しかしながら、これが「勝者と敗者」ということになると、意味が違ってくるのです。これは、「劣者」と「敗者」の二者を比べてみるとすぐ解ることです。簡単な例でいいますと「ただたんに貧乏であるということは、劣者ではあるが(地上の力の面のみにおいて)、貧乏のゆえに借金をするならば、敗者である」ということになります。

ここで一つ注意しておきたいのは、この借金とは、ある事業のための借入れ資金までを意味するものではないという点です。すなわち、その借金は、生産のためでなく、ただたんに消費のためのものの場合をいうのです。
お金を産み出すための資金ではなく、食料を買うとか、レジャーやリクエーションのために借金する時は、人間生活の経済面における一つの敗北を意味するのであります。

「劣者」と「敗者」の違いは、また次のようにいい現すこともできます。すなわち「劣者の問題は、その当事者個人の問題だが、敗者の問題は、何によらず他人にその弊害を及ぼすものである」と……。
そして、その弊害とは「敗者とは要するに他人の信用を失ったことである」という点において生ずるものといえましよう。

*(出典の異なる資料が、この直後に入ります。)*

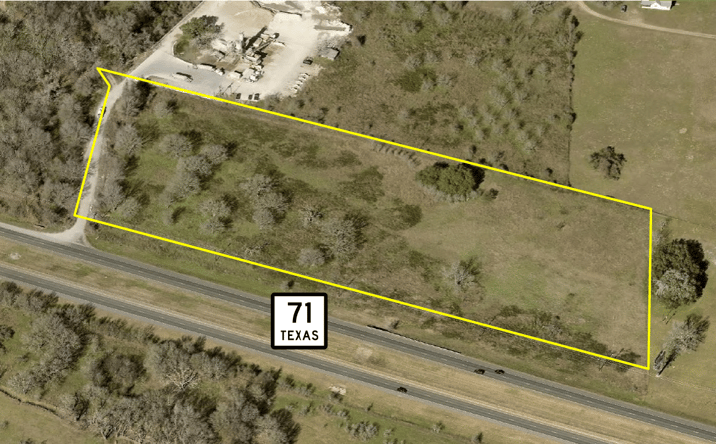 Pictures of Land property located at 846 State Hwy 71, Smithville, TX 78957 for sales - image #1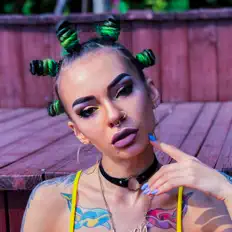 LMNDを聴いたり、ミュージックビデオを鑑賞したり、経歴やツアー日程などを確認したりしましょう！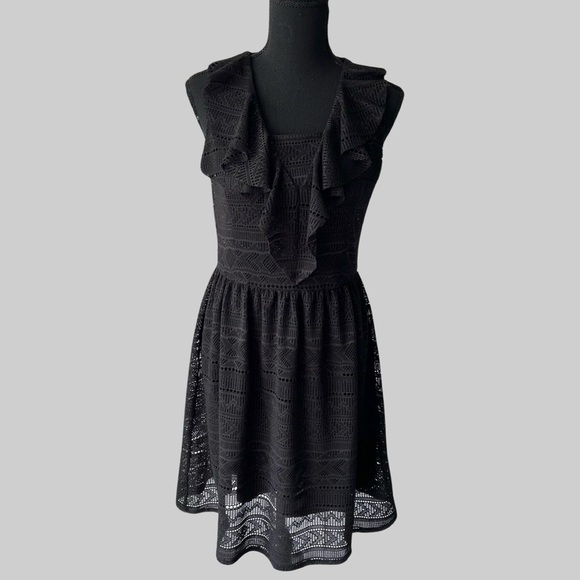 Molly Bracken Ruffles Sleeveless Lace  Dress - Picture 1 of 13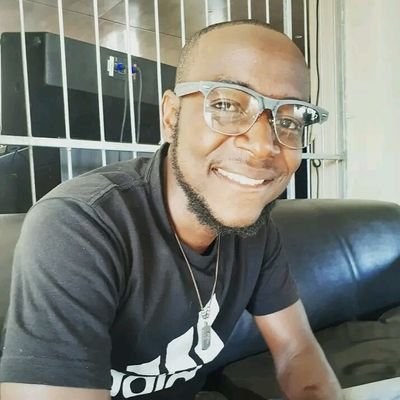 ChisomoBrian's profile picture. strong walls shake but never collapse so easily ....BLUEZ 4 LYF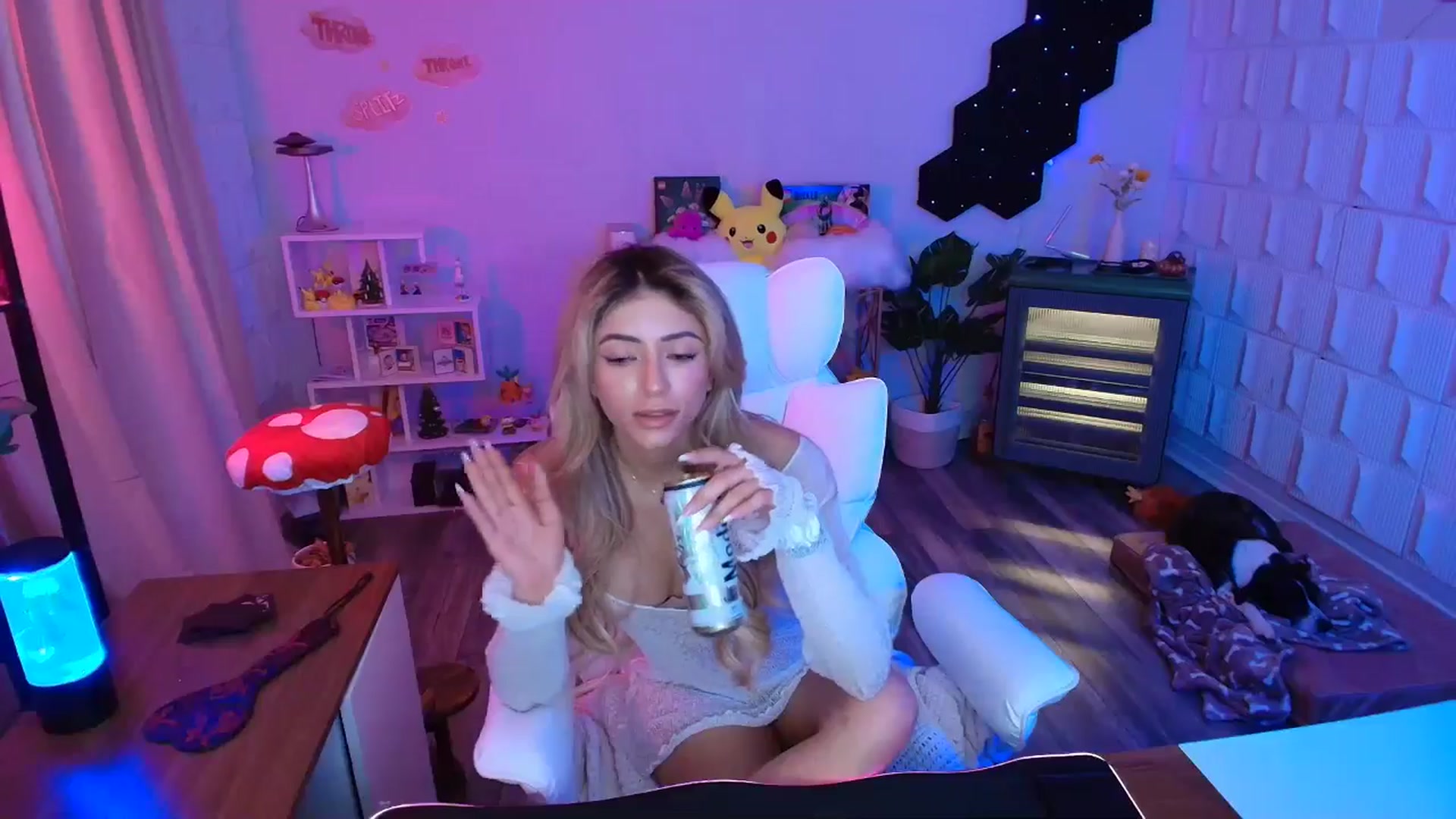 Gallery image thumbnail from kaydolll's myfreecams stream on, 01/30/2026, 06:42 image 18 of 20
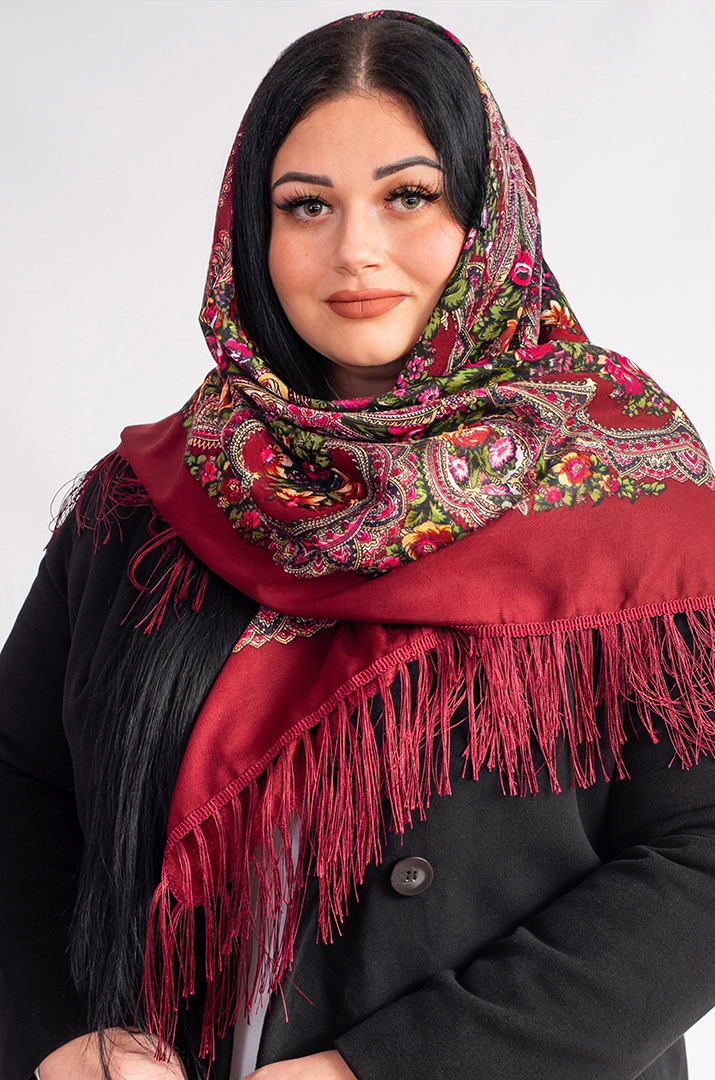 Хустка з українським квітковим орнаментом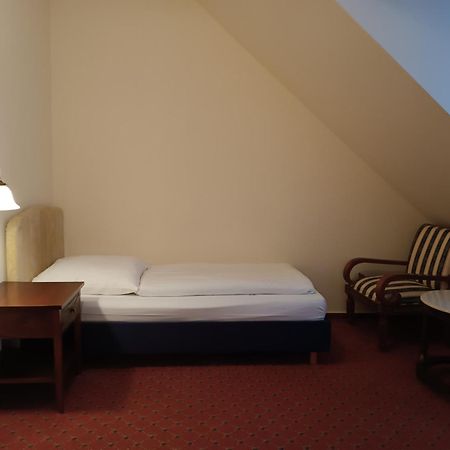 Schloss Neckarbischofsheim מראה חיצוני תמונה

この世に、一個の社会人として暮らす時、信用は実に大切なものです。自分への信用は、いくら大切にしても、し過ぎるということはありません。そして次の点も、甚だ重要な点なのですが「人間は決して、一人では生きられない」のであります。

お金を失うことは、単なる財政的損失ですが、信用を失うことは、人的関係をそこなうことであり、それは友人知己を失い、自己を孤立化させることです。これは人生において最も重大なことであるにもかかわらず、多くの人は、無意識の内に軽視しているのです。

そして、この場合、最も重要なことは、この軽視によって失われる人的関係の相手とは、「勝者」であることが非常に多いという点です。すなわち、失うものは、敗者や劣者などの友人ではなく、自分に力を与えてくれるはずの勝者あるいは優者の友人なのです。

これがなぜ重大かというと、人間はとかく周囲の人間の持つアラヤ識の内容に影響されるからなのです。すなわち、勝者の人々の間にあれば、あなたは周囲の人々から勝者の因縁を受けつぐことになるのであります。